Em relação a transição, que momento foi mais difícil? “Foi achar algum órgão que pudesse me ajudar nessa questão. Porque nós, trans, além de todo preconceito estrutural que sofremos, tem o institucional também! Que é essa falta de profissionais, órgãos e instituições que possam nos ajudar. Seja para iniciar um tratamento físico ou psicológico. Isso é revoltante!”, aponta.

“Nós, trans, além de todo preconceito estrutural que sofremos, tem o institucional também! Que é essa falta de profissionais, órgãos e instituições que possam nos ajudar” (Foto: Guto Costa)

Você fez um post falando do quanto é difícil para um trans desenvolver amor próprio, aceitação. Como é isso para você? “O mais difícil para mim são os olhares, os julgamentos e a violência que a sociedade comete. Eu amo meu corpo, entendo o tempo dele para as mudanças e não sofro tanto ao me olhar no espelho. A prática do amor próprio me fez chegar em um nível de consciência muito forte para enfrentar o dia a dia sem temer”.

Nick que gosta de falar de amor, revela se está vivendo algum no momento. Você ama homens ou mulheres ou os dois? “Não namoro no momento, mas estou vivendo um amor. Sexualidade é uma coisa que se desenvolve ao longo da vida e por isso não rotulo minha sexualidade com apenas 22 anos”.

Representatividade

Com a carência de referências de homens trans na música, o cantor afirma que a inclusão vai estar sempre presente no seu trajeto. “Pretendo trazer mais visibilidade ao nosso movimento através da minha música, colocando mais conceito nos próximos clipes e levando mais representatividade a todos os garotos trans do Brasil e do mundo”, diz. “No meio artístico, já existem muitas referências que abrem espaços para nós passarmos. Mas falta muito para naturalizarmos esse assunto dentro das casas das pessoas. Precisamos de jornalistas trans, apresentadores trans, professores, doutores… representatividade em todas as áreas”.

“Falta muito para naturalizarmos esse assunto dentro das casas das pessoas.

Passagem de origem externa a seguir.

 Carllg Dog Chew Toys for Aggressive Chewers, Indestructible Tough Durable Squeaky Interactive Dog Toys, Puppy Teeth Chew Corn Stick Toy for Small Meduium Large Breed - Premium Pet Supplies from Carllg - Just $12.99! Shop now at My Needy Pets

Precisamos de jornalistas trans, apresentadores trans, professores, doutores… representatividade em todas as áreas” (foto: Guto Costa)

Feliz de ser quem é e de estar onde está, Nick sonha. Ou melhor, ‘joga para o universo’: “Gostaria muito de dividir o palco com a Pabllo Vittar, Glória Groove, Ludmila, Anitta, Liniker e todas nossas outras brasilidades incríveis que admiro. O show dos sonhos seria no Madison Square Garden, esgotado”.

E aponta o objetivo certeiro no momento: “Quero chegar com jeitinho, no coração dessa nação”.